Du 17 Janvier 2012 et pour plus de trois ans, suite à l’agression de notre pays par des narco – terroristes et autres indépendantistes, suivie d’ un coup d’Etat d’une absurdité aussi crasse que moribonde, les populations maliennes auront connu des souffrances indescriptibles, inoubliables, quasiment inexcusables : des amputations de membres pour des peccadilles, des viols collectifs, des vols en plein soleil, des mariages forcés, l’humiliation de vénérables personnalités, l’assujettissement à des pratiques religieuses rébarbatives, la destruction par arrogance de majestueux fleurons de notre patrimoine culturel …
Ces vilenies ont été infligées à tous les Maliens, ont affecté tous les Maliens : les Maliens du Nord et ceux du Sud, les Maliens de l’Est et ceux de l’Ouest, les Maliens établis à l’extérieur, les Maliens de toutes conditions, de toutes confessions, de toutes obédiences…

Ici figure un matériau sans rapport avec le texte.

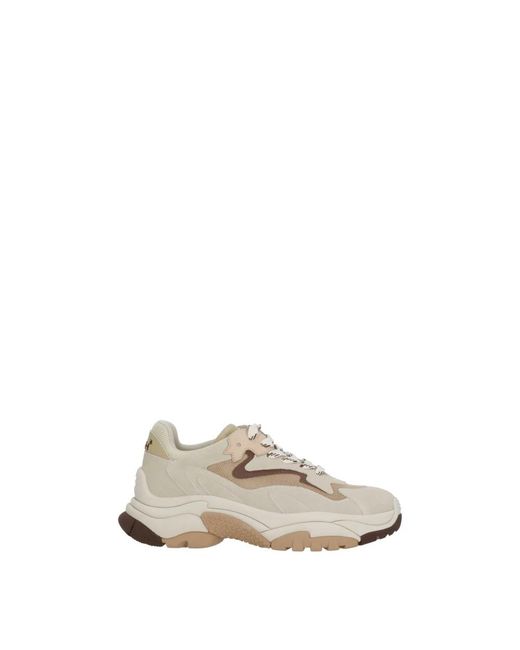 Ash Natural Sneakers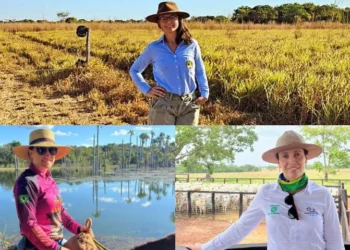 Pecuária tocantinense ganha força com presença feminina na gestão das fazendas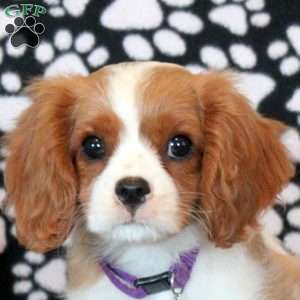 Heath, Cavalier King Charles Spaniel Puppy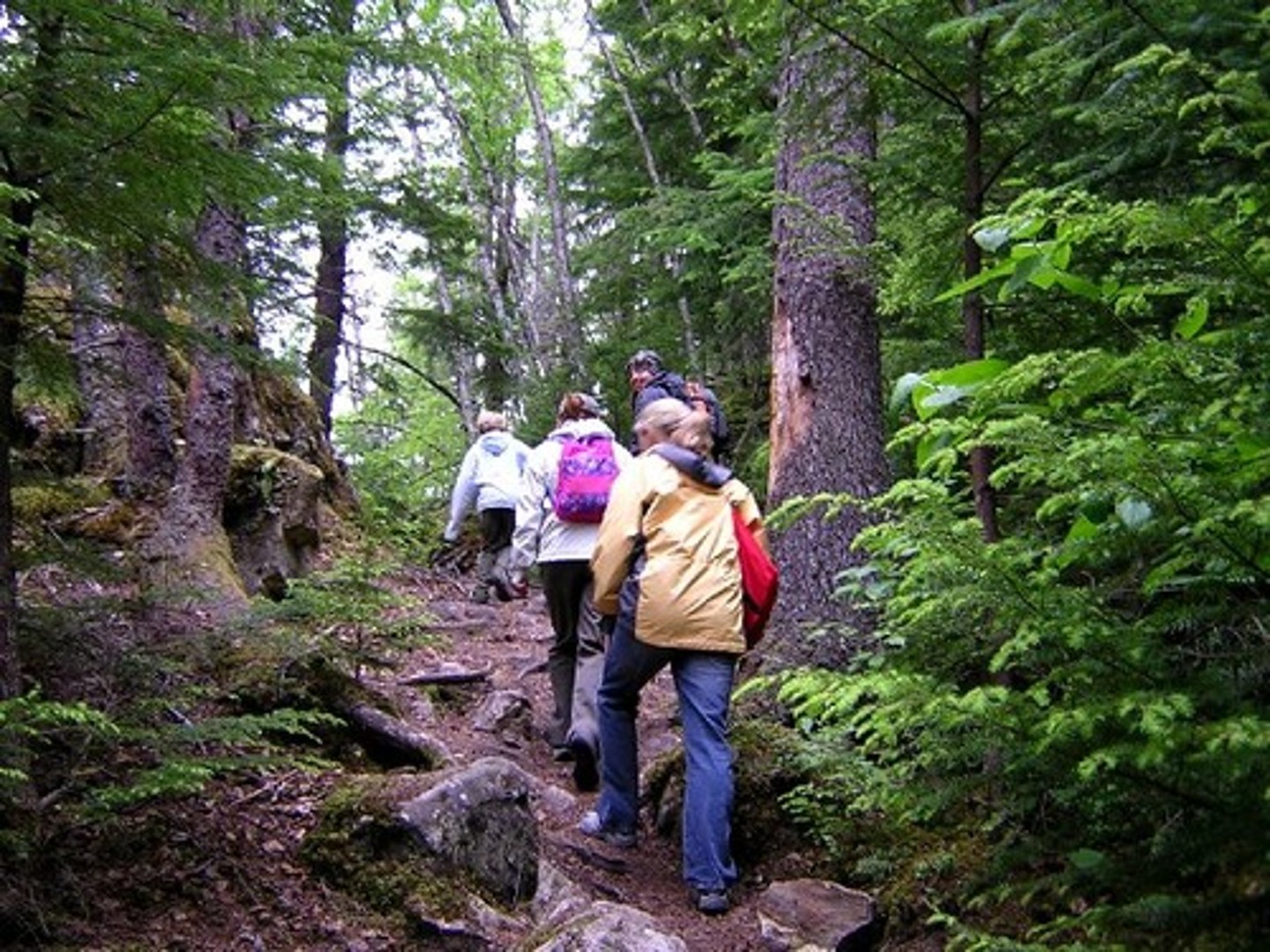 <p>to hike</p>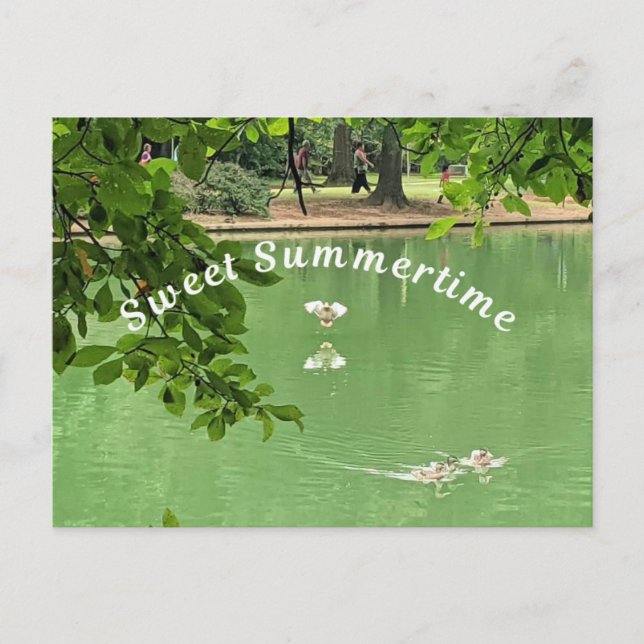Carte Postale Beau lac d'été avec canards. (Devant)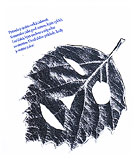 Ilustrácia z knihy Heviho škola tvorivosti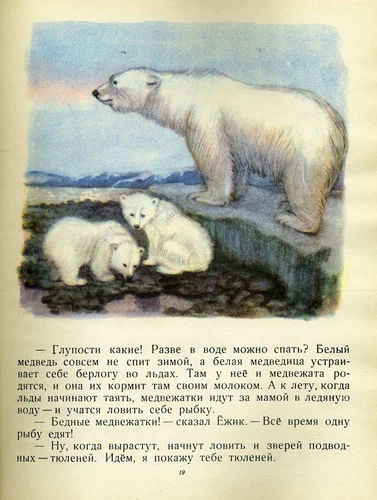 V. Bianchi Zoo 1956, illus. M. Kuksa - Illustrations, Vitaliy bianchi, Children's literature, Longpost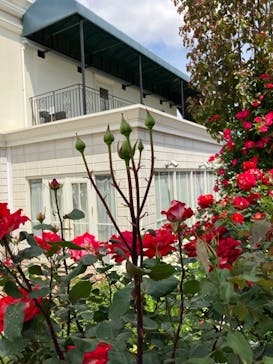 横浜イングリッシュガーデンに投稿された画像（2023/4/29）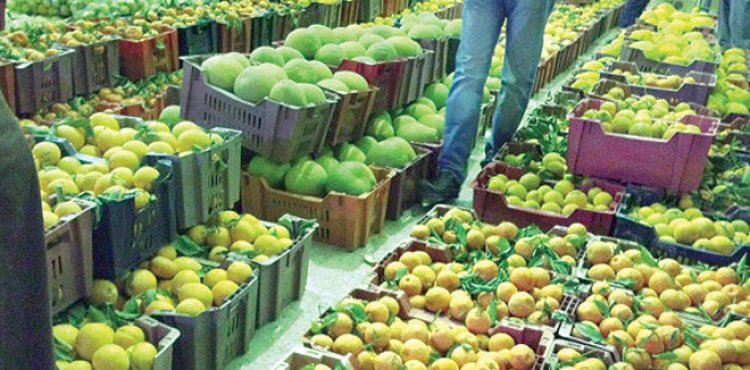 ورق العنب بـ 60 جنيها ..أسعار الخضروات و الفاكهة اليوم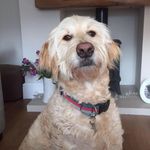 Lisa Whiteley - @lisa.whiteley.58 - Instagram
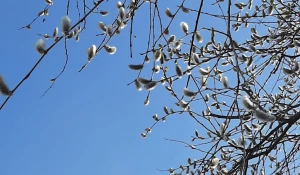 Цветение вербы в Алтайском крае в самом разгаре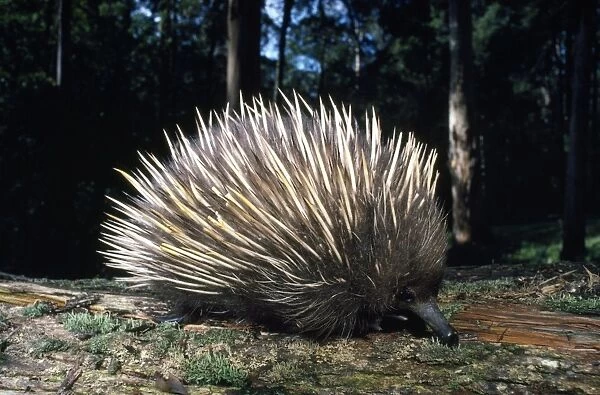 Echidna. PPC-20021. Short-beaked  /  short-nosed  /  Spiny ECHIDNA - Also known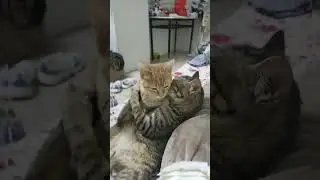 That's real love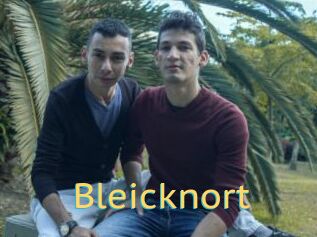 Bleicknort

La résistance héroïque de notre peuple à travers ses différents compartiments face aux envahisseurs et la solidarité historique de la communauté internationale ont cependant permis le retour effectif de notre pays à une vie constitutionnelle normale sanctionnée par des élections présidentielles et législatives estimées de bonne facture, puis la signature de l’Accord pour la paix et réconciliation au Mali issu du Processus d’Alger.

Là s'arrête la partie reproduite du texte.